In recent days, bigots around the country have been amplifying the ugliness, proclaiming “Kanye is right” (on banners hanging from a Los Angeles overpass) and “Kanye is right about the Jews” (via projected displays around Jacksonville). Whether Irving intends to or not, he is giving aid and comfort to the worst among us—and, disturbingly, doesn’t seem to grasp that.
Basketball is the least concerning of all the issues here, but this is a Nets problem, too, because once again Irving has drawn attention away from the court and away from the mission, to satisfy his own quixotic agenda, at a time they can least afford the distraction. The Nets fell to 1–5 just before Irving took the podium Saturday, looking dispirited, disjointed and ripe for a teardown.
Kevin Durant, remember, demanded a trade over the summer. Irving, remember, failed to get the extension he sought and is on a one-year deal. Steve Nash, in his second season as a head coach, continues to look overmatched in the role. Ben Simmons, in his first games after missing a full season, looks tentative and overwhelmed. The slightest bump in the road could send the Nets careening into a ditch.

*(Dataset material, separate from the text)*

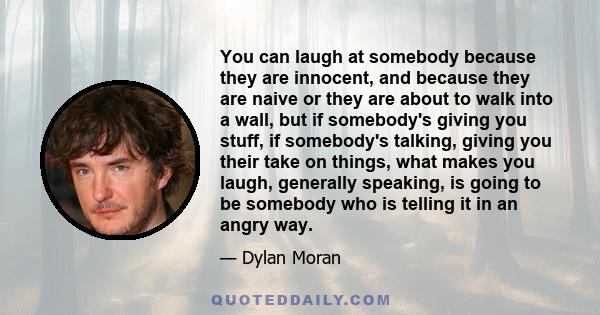 You can laugh at somebody because they are innocent, and because they are naive or they are about to walk into a wall, but if somebody's giving you stuff, if somebody's talking, giving you their take on things, what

And yet there was Irving, determined to prove once again what an independent thinker is, promoting bizarre conspiracy theories and antisemitic tropes to his 4.6 million Twitter followers and his 17.5 million followers on Instagram.
But this stuff isn’t cute or harmless. This isn’t “just asking questions” or “doing my own research” or a matter of “personal choice.” This is passive endorsement of hate speech and bigotry, at a time when hate crimes and violence are rising, thanks to a surge of online disinformation and the bloviating of right-wing provocateurs.
This wasn’t just another flight of fancy. With his latest intellectual detour, Kyrie Irving has lost any benefit of the doubt. But let’s be clear on this much: COVID-19 is real, vaccines work, the Earth is round, and the Holocaust happened.
Refusal to accept these things doesn’t make Kyrie Irving brave or independent or a free thinker. It makes him Alex Jones with a jump shot.